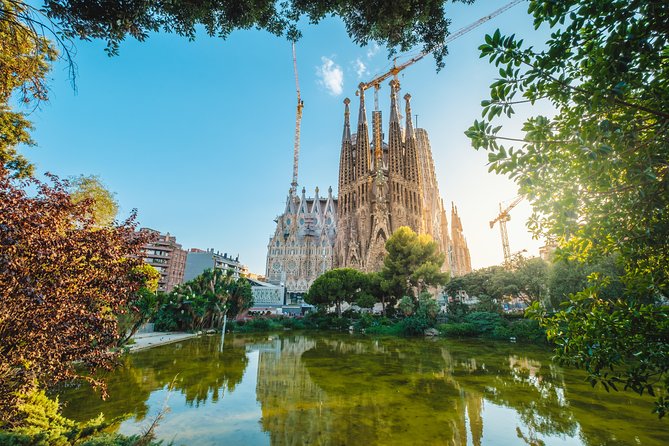 Skip The Line Sagrada Familia Small Group Tour - Accessibility and Additional Info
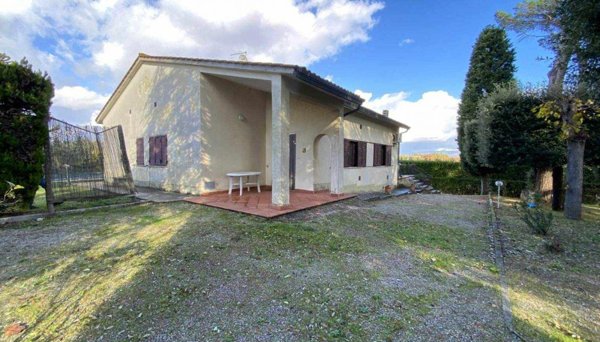 casa indipendente in vendita a Castiglione del Lago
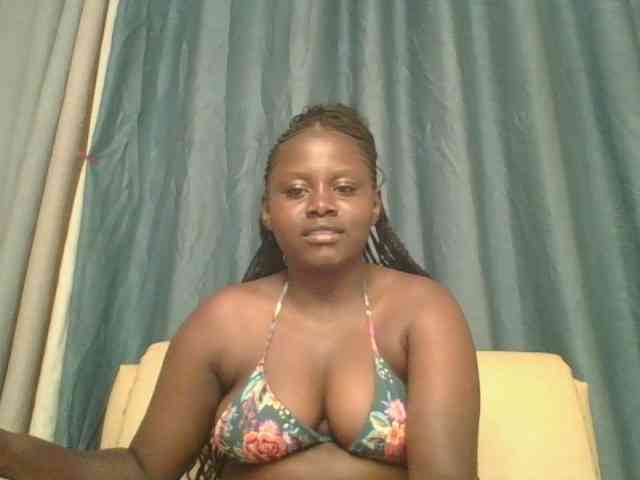 Loviett52 webcam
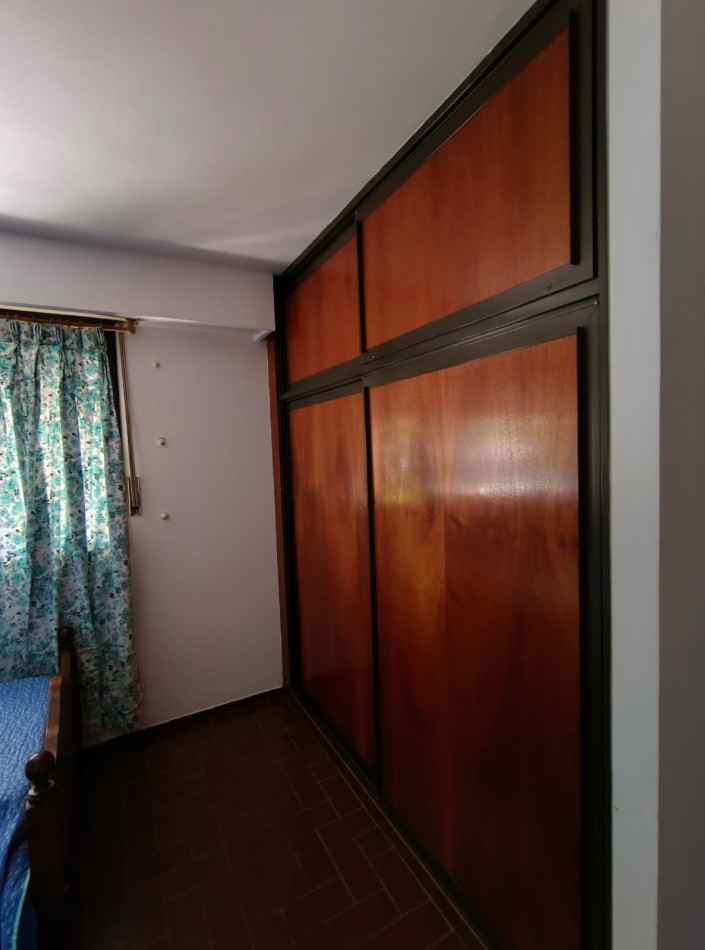 VEBTA de 2 CASAS FRENTE AL MAR BARRIO SAN JACINTO-EXCELENTE INVERSION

#### WHAT NEEDS TO BE DONE
I would like the data copied exactly as it stands, with no pictures included.

#### SOLUTION FOR THIS TASK
 Skip The Line Sagrada Familia Small Group Tour - Accessibility and Additional Info
 casa indipendente in vendita a Castiglione del Lago
 Loviett52 webcam
 VEBTA de 2 CASAS FRENTE AL MAR BARRIO SAN JACINTO-EXCELENTE INVERSION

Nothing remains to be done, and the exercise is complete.